Third step further north, a seven-hour drive from Cotonou, near Parakou, to talk to cotton farmers in their fields and gather their potential needs in materials, their difficulties in managing cotton plant stems, their practices, understand their working day.
With my French accent and speech rate, not always easy to make myself understood but you always end up succeeding. Upcycling cotton stems? The subject that divides! Agronomists campaign for going back to the land but grinding and burying, vital to avoid the appearance of parasites, is not available to cotton farmers, for lack of equipment. Furthermore, other studies in India and the US showed the economic relevance of upcycling cotton stems into particle boards. A project was in fact launched in 2015 in the West African sub-region, but has evidently been stopped. Ongoing enquiry…

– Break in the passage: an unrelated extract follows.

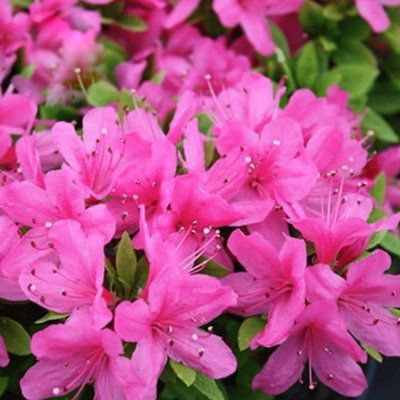 Pink Azalea Japonica Tree Trees for Small Gardens Border Patio Potted Plants Lollipop Stem Tree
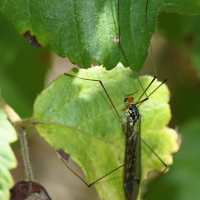 Nephrotoma flavipalpis (Tipule)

Finally, key step in the sector: the ginning factory. Where one separates the seeds from the cotton fiber. With the hubbub of the machines, you have to shout to try and ask questions. Here too, for each cleaning of the cotton fiber, residues are discharged outside.
So, I went back to Cotonou loaded with sample bags and full of ideas. An effective study: before going in the field, three by-products had been identified. After the mission, we counted fourteen.
Next? Co-creation workshops to elaborate with several brains the experimentation protocols of material by-products, according to the problems noticed in the field.
Makers of machines
In parallel, with three students in mechanical engineering at Cotonou, we are thinking about transforming a tile press into a steam press, adapting a grinder for cotton plant stems, and designing a low-cost defibrillating machine to clean and stretch our fiber waste.
Having made the inventory of the food-processing equipment present in the workshop of Epac (Abomey-Calavi engineering school), we thought about and finalized the design plans this week! Screwdrivers and hammers will thus be part of the next column.